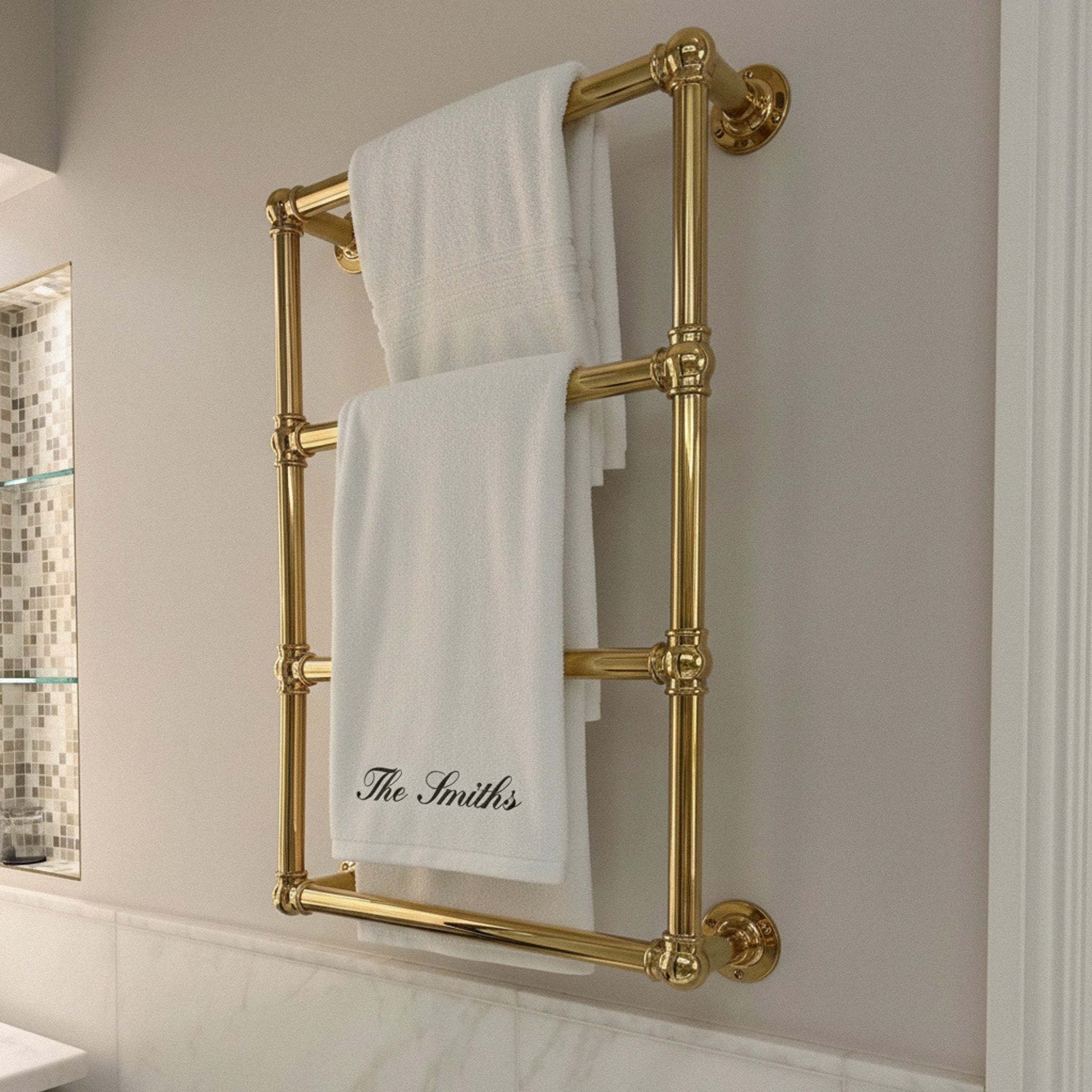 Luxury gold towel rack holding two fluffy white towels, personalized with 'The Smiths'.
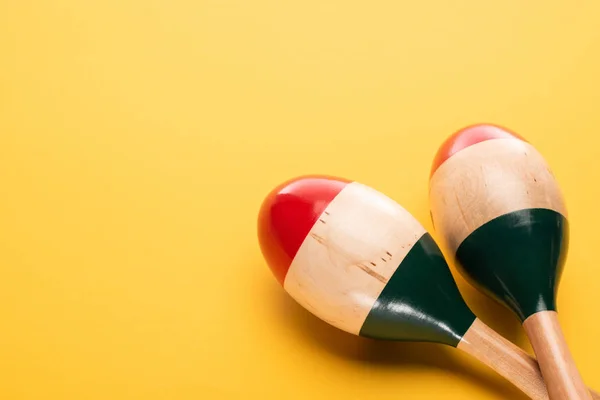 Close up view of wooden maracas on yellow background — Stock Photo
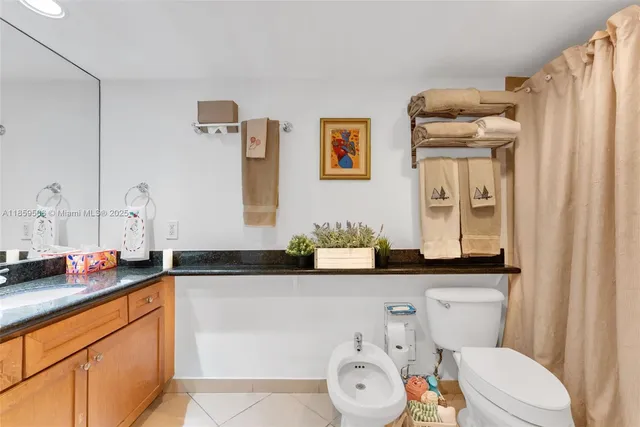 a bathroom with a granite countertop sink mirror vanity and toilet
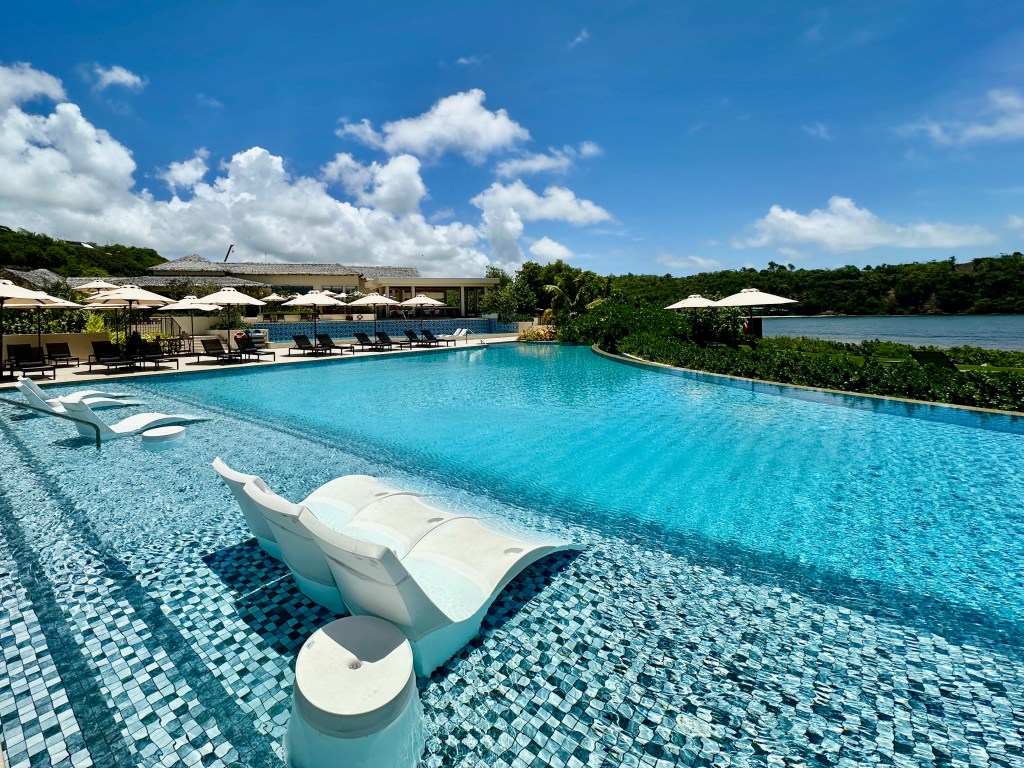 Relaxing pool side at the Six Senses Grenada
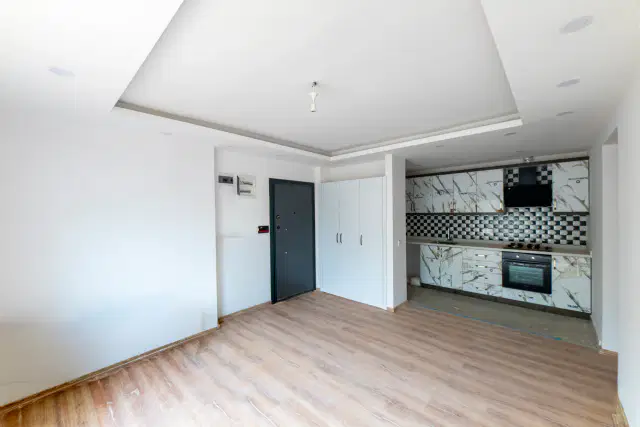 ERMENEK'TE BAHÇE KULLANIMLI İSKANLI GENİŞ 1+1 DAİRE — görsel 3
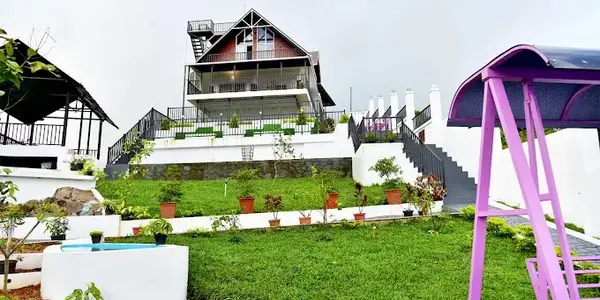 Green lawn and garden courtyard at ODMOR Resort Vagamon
━━━━━━
- [EXERCISE INSTRUCTIONS]: Leaving the pictures aside, write out only the lines from the one containing "a bathroom with" through the end of the material, exactly as they stand.

- [FINISHED TASK]:
 a bathroom with a granite countertop sink mirror vanity and toilet
 Relaxing pool side at the Six Senses Grenada
 ERMENEK'TE BAHÇE KULLANIMLI İSKANLI GENİŞ 1+1 DAİRE — görsel 3
 Green lawn and garden courtyard at ODMOR Resort Vagamon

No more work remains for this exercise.